REQUIRED WORK: Locate, in the data below, the line that contains "Jam Dinding Scandinavian" and the line that contains "Регулятор силы света/универсальный"; reproduce exactly those two lines and every line between them, nothing more.

Segment Start: DATA SHOWN

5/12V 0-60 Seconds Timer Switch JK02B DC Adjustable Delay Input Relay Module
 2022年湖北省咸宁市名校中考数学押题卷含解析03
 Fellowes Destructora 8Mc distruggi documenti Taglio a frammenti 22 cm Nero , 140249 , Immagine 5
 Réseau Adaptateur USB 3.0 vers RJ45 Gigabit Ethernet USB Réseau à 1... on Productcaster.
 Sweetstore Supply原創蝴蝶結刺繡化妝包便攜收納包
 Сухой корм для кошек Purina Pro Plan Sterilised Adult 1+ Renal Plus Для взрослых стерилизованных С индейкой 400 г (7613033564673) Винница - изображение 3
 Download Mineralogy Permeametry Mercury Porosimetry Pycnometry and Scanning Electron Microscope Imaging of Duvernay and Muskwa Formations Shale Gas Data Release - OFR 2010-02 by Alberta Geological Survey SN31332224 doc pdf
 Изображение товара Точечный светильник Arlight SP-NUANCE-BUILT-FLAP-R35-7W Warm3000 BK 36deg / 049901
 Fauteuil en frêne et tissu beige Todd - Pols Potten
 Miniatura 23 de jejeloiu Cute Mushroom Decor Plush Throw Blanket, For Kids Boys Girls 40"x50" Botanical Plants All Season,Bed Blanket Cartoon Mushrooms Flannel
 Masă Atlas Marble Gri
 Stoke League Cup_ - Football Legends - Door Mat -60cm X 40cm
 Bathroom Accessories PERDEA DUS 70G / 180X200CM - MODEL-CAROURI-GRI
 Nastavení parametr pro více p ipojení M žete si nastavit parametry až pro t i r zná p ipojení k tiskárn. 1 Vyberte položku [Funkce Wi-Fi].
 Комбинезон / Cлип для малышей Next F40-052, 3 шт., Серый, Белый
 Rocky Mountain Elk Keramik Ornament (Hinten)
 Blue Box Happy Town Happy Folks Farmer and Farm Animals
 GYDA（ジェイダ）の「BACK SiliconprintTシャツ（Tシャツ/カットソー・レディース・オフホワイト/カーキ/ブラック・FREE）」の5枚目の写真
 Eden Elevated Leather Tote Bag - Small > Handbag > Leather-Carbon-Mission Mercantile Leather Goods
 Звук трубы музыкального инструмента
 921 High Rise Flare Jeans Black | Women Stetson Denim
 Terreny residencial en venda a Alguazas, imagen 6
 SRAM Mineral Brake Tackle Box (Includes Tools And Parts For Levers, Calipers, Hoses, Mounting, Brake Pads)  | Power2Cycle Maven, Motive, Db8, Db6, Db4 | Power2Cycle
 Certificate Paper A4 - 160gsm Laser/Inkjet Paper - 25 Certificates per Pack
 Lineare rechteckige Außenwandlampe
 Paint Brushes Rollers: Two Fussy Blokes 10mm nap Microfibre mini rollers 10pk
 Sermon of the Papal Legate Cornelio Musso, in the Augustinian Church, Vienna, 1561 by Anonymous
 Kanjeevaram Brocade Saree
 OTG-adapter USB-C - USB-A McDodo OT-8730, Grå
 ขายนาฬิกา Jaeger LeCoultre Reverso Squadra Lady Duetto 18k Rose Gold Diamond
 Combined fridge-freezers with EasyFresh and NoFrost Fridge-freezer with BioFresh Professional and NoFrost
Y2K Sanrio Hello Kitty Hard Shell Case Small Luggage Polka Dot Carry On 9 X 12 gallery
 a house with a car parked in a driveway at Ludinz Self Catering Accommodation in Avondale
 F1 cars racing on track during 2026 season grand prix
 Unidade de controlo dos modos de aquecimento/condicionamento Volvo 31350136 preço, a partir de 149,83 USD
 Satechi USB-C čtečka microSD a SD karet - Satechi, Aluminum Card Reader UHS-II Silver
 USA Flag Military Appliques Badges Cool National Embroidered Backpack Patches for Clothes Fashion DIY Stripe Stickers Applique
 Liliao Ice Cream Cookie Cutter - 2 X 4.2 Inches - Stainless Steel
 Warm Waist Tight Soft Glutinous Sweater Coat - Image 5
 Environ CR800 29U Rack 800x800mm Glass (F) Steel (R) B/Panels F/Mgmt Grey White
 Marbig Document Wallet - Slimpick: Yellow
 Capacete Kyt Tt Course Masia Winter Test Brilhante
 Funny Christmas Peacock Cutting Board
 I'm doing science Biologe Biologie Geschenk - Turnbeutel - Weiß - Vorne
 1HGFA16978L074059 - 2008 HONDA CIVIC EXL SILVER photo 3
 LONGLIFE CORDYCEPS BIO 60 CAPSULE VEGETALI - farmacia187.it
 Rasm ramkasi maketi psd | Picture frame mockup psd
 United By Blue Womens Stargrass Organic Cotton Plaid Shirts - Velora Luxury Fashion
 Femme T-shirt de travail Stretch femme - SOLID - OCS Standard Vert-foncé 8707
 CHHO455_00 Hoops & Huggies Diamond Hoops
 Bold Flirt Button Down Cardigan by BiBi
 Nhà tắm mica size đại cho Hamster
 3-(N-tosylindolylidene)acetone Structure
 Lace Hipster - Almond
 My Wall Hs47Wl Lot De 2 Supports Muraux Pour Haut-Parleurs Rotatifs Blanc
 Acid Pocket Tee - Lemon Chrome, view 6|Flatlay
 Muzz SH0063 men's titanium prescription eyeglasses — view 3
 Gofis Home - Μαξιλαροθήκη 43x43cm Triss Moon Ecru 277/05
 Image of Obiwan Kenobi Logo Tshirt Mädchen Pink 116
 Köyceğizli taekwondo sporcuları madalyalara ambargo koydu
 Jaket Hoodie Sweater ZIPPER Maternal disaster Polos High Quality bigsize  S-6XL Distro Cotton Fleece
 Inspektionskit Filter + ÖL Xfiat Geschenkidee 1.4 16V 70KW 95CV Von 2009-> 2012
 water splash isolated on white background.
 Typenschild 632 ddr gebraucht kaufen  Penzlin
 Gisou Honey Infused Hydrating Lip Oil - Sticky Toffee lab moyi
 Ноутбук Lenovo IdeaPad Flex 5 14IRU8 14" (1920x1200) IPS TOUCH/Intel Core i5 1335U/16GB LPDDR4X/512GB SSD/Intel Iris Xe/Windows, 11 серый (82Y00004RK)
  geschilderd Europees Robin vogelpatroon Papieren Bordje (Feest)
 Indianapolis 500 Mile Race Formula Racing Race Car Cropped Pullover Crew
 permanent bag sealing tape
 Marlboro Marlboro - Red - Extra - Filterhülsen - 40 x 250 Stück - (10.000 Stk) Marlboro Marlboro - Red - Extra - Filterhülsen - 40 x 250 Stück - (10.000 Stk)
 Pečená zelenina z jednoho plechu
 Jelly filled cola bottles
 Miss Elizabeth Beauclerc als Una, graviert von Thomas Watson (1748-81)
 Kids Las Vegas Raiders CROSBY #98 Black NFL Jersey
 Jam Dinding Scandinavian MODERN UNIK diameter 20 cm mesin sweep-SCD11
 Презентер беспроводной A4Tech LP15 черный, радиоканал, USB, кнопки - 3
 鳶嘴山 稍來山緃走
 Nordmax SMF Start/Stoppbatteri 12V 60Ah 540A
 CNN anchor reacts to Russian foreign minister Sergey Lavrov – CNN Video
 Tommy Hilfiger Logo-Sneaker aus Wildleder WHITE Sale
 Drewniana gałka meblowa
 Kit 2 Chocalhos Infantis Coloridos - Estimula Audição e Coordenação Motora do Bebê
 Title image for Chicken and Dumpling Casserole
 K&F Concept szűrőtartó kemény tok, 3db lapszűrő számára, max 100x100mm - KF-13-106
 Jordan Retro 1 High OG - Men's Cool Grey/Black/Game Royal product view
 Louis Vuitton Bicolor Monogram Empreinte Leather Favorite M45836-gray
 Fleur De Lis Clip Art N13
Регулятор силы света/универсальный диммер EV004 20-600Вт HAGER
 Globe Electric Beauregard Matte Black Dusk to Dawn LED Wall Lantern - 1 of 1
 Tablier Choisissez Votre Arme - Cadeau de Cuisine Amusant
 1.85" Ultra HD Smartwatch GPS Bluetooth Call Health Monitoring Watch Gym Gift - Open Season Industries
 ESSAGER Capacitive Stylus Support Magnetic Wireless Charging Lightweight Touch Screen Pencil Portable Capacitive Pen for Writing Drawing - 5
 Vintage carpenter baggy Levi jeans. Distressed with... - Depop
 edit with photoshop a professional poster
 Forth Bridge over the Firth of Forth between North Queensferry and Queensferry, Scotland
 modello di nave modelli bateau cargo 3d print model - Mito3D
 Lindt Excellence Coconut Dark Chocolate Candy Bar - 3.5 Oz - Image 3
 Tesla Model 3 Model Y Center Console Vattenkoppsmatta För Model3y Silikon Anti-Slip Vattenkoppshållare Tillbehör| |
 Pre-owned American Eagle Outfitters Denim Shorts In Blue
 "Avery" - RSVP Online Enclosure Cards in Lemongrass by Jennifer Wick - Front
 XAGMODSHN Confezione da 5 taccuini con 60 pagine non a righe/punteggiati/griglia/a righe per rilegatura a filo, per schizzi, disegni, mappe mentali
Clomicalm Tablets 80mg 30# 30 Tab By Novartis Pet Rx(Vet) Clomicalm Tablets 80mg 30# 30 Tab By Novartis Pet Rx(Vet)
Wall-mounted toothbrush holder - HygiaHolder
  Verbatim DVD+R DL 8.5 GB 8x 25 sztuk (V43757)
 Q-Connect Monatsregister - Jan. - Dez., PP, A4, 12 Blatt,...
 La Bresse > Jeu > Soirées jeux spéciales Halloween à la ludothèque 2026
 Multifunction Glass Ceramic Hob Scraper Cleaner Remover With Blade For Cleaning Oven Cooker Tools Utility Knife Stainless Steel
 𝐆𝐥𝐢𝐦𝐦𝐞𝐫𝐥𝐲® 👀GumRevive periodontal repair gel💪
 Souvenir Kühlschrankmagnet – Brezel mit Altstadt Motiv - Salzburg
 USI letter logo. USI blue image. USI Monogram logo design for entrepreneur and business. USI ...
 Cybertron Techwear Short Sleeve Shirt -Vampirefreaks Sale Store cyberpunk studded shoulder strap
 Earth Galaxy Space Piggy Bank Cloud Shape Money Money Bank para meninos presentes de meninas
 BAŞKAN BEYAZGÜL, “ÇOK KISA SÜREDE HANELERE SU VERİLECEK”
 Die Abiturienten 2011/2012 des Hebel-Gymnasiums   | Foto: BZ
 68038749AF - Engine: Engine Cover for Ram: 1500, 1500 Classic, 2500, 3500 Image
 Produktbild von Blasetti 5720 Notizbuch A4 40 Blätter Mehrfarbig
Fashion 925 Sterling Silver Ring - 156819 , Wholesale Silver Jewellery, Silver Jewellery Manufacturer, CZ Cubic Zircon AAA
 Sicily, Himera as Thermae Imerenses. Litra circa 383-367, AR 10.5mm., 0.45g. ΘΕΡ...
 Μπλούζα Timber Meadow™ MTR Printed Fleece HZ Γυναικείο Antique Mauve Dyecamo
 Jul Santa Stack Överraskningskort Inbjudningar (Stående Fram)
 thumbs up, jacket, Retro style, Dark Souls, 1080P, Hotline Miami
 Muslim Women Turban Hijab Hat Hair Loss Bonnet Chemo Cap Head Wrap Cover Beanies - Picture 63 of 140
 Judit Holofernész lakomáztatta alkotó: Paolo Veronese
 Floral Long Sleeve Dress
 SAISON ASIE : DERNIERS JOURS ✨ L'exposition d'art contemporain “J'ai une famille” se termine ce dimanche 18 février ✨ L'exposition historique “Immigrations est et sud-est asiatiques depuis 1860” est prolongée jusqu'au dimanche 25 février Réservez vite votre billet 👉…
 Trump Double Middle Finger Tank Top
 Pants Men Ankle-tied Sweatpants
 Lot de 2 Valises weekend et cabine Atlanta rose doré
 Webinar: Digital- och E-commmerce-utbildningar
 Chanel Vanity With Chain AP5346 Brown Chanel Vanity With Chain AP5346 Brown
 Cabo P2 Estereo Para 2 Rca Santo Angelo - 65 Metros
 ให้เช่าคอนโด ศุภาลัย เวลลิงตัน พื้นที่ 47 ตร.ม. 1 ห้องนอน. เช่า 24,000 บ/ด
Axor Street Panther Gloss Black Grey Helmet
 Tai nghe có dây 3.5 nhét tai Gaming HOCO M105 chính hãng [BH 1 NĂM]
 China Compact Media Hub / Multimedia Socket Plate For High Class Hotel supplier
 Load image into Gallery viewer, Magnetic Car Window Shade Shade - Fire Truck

Segment End: DATA SHOWN

SOLUTION TO THIS TASK:
 Jam Dinding Scandinavian MODERN UNIK diameter 20 cm mesin sweep-SCD11
 Презентер беспроводной A4Tech LP15 черный, радиоканал, USB, кнопки - 3
 鳶嘴山 稍來山緃走
 Nordmax SMF Start/Stoppbatteri 12V 60Ah 540A
 CNN anchor reacts to Russian foreign minister Sergey Lavrov – CNN Video
 Tommy Hilfiger Logo-Sneaker aus Wildleder WHITE Sale
 Drewniana gałka meblowa
 Kit 2 Chocalhos Infantis Coloridos - Estimula Audição e Coordenação Motora do Bebê
 Title image for Chicken and Dumpling Casserole
 K&F Concept szűrőtartó kemény tok, 3db lapszűrő számára, max 100x100mm - KF-13-106
 Jordan Retro 1 High OG - Men's Cool Grey/Black/Game Royal product view
 Louis Vuitton Bicolor Monogram Empreinte Leather Favorite M45836-gray
 Fleur De Lis Clip Art N13
Регулятор силы света/универсальный диммер EV004 20-600Вт HAGER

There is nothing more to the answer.